The Source by Brian Lumley

But all of that lead down there. And these poisoned heights, a little more than mildly radioactive. And that Thing filmed by the AWACS as it did battle with the USAF jet fighters. Simonov couldn’t suppress a small shudder, which this time wasn’t due to the intense cold. He folded his nite-lites into a flat, leather-cased shape which he slipped inside his anorak with the strap still round his neck. Then for a moment longer he just lay there, his eyes staring into the enigmatic gulf below, his mind superimposing on the darkness the sequence of events he’d witnessed in London, recorded on that flickering AWACS film …

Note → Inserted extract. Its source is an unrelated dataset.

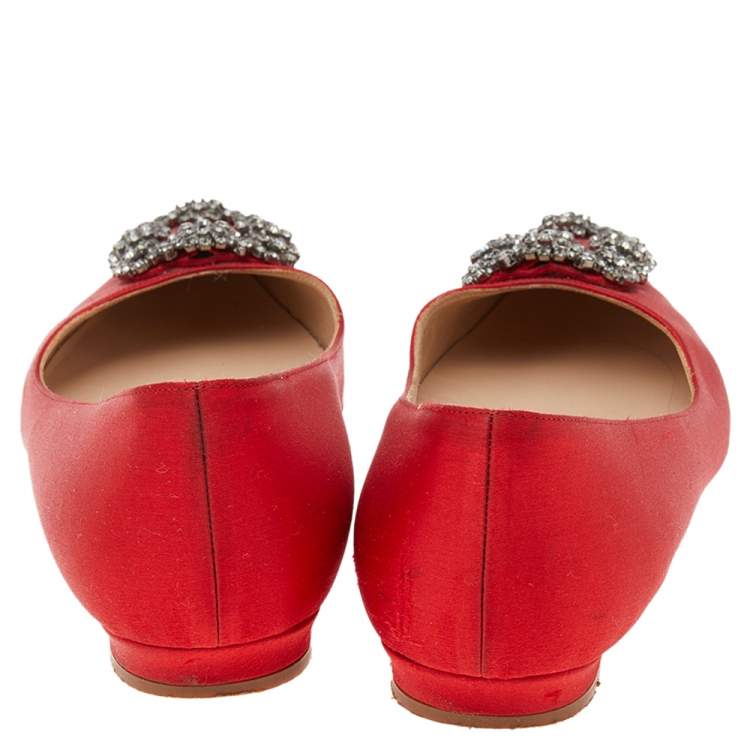 Pre Owned Manolo Blahnik Red Satin Hangisi Ballet Flats Size 35.5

But even remembering it, he cringed away from it. Bad enough that he still occasionally saw it in his dreams! But could that . . . that . . . whatever it had been, could it really have come from here? A monstrous mutation? A gigantic, hideous warrior clone conjured in some crazed geneticist’s incredible experiment? A ‘biological’ weapon outside all of man’s previous experience and understanding? That was what he was here to find out. Or rather, it was what he was here to prove conclusively: that indeed this was where that Thing had been born – or made. That seething, pulsing, writhing –

Snow crunched softly, compacted by a stealthy footfall!

Simonov thrust himself to his feet, turning as he rose, and saw a head and staring eyes outlined briefly above the low jumble of rocks. His automatic was in his hand as he launched himself into a dive to the left of the boulders, his right arm outstretched, ready to target his weapon. A man in a pure white parka was crouched behind the boulders, with a gun in his hand which he even now lifted to point at Simonov. In the instant before Simonov came down on his side in the snow he snapped off two shots; the first one struck the man in the shoulder, snatching him upright, and the second slammed into his chest, flinging him backwards and down onto the patchy snow.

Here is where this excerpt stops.